- Required work: Beginning with the line that holds "Gift Wool Snapback Cap" and ending with the last line below, please copy every line exactly, add nothing, and leave out the pictures.

Crawled caption data
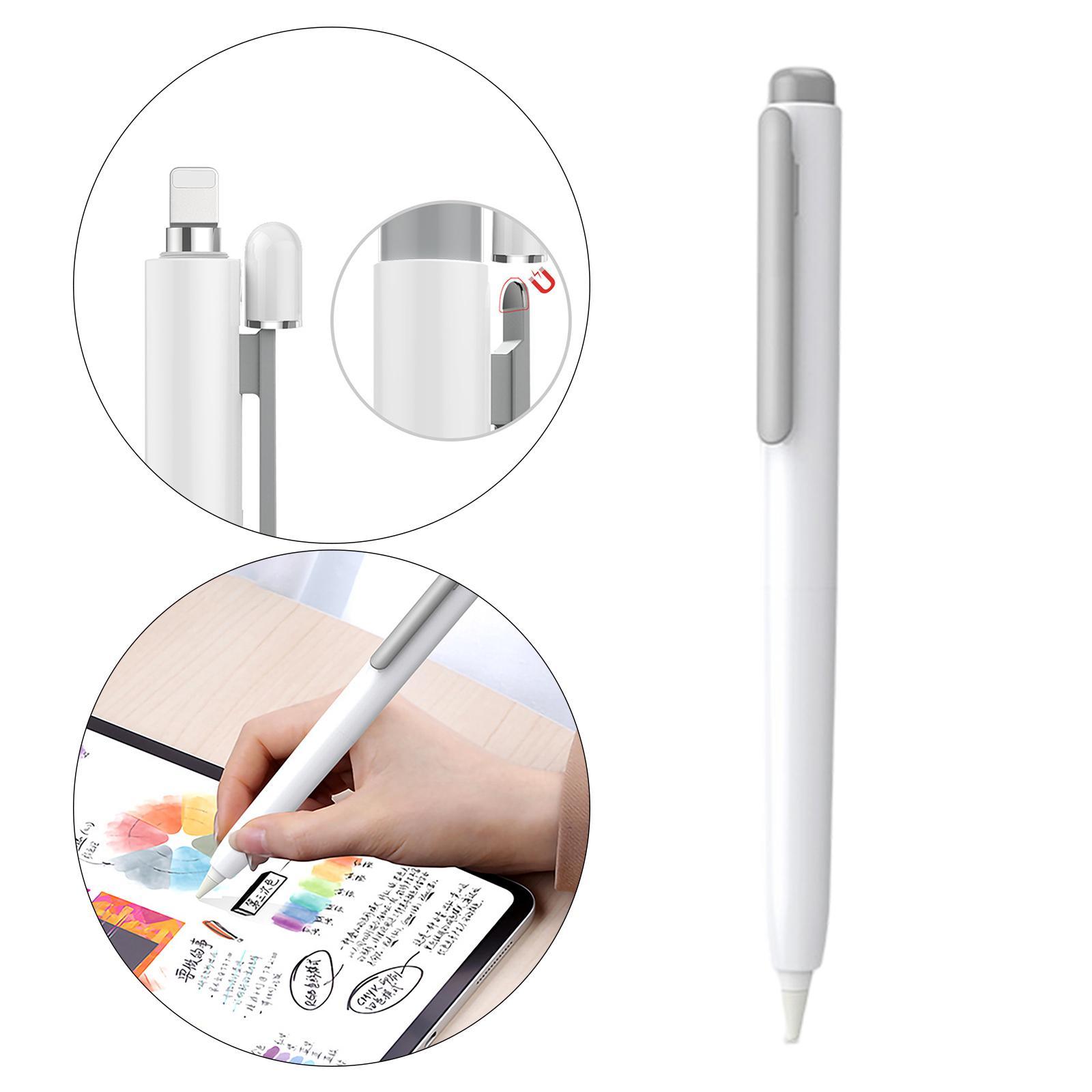 Protective Case Secures Caps Holder Premium Pencil Case Holder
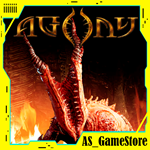* Agony / Агония ** PS4/PS5/PS Турция *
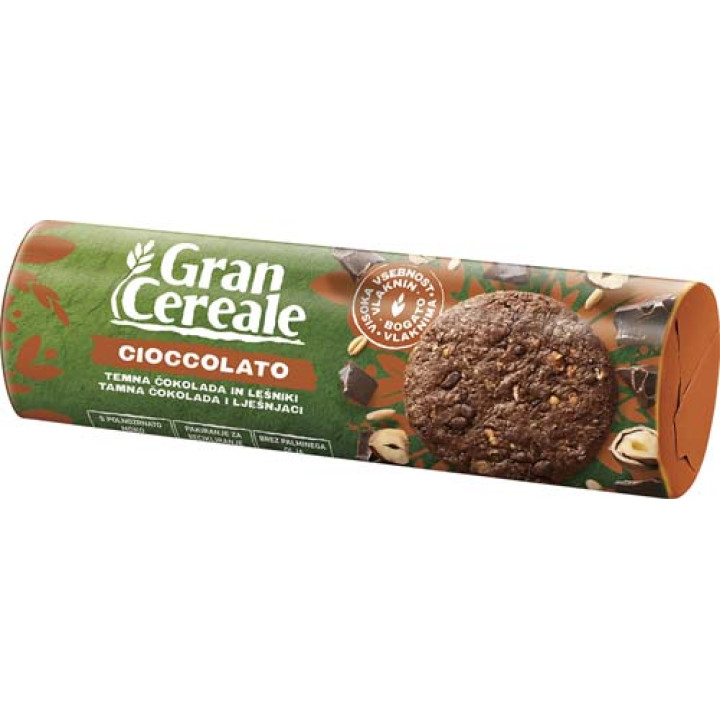 Печенье Grancereale Cacao  230г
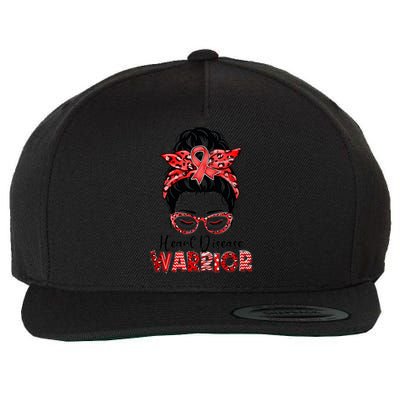 Gift Wool Snapback Cap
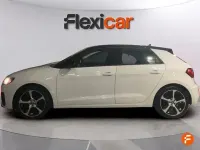 Usado Audi A1 Sportback 95 CV (69 kW) 2020 Blanco Utilitario
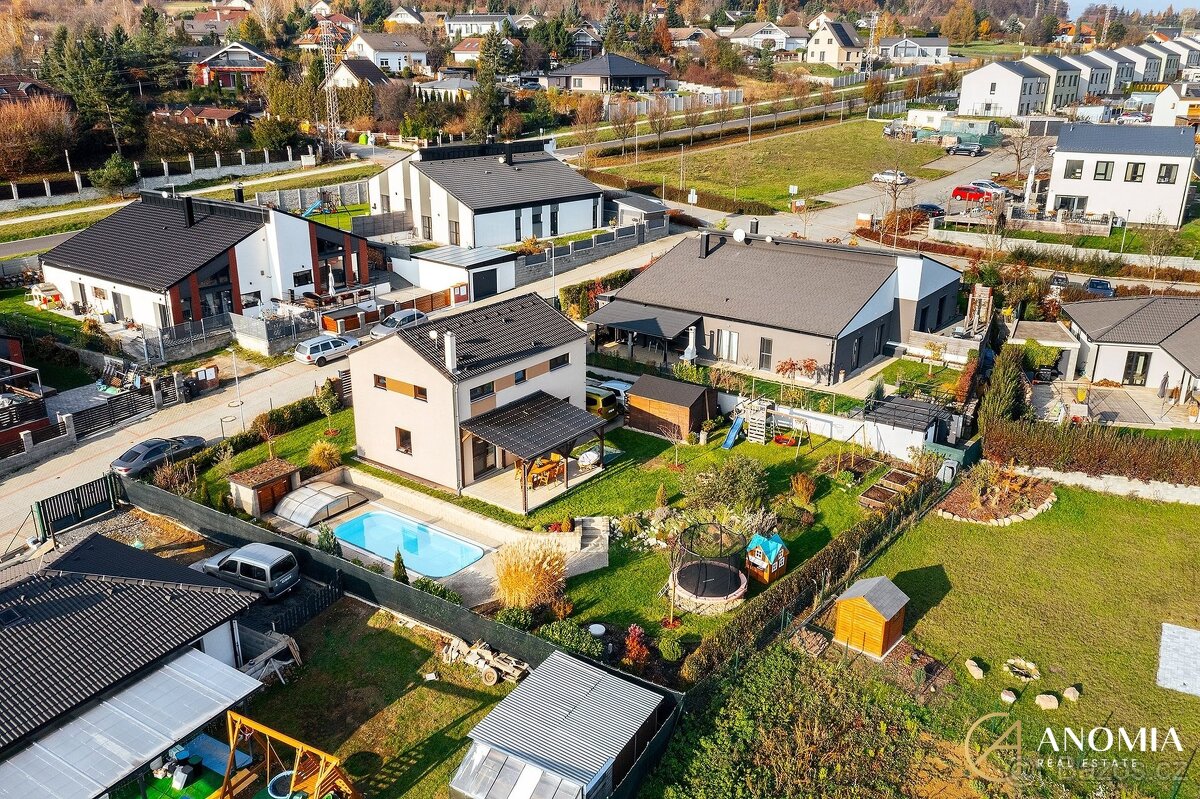 Prodej rodinného domu 106 m2 - Nová Ves pod Pleší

- Response area:
 Gift Wool Snapback Cap
 Usado Audi A1 Sportback 95 CV (69 kW) 2020 Blanco Utilitario
 Prodej rodinného domu 106 m2 - Nová Ves pod Pleší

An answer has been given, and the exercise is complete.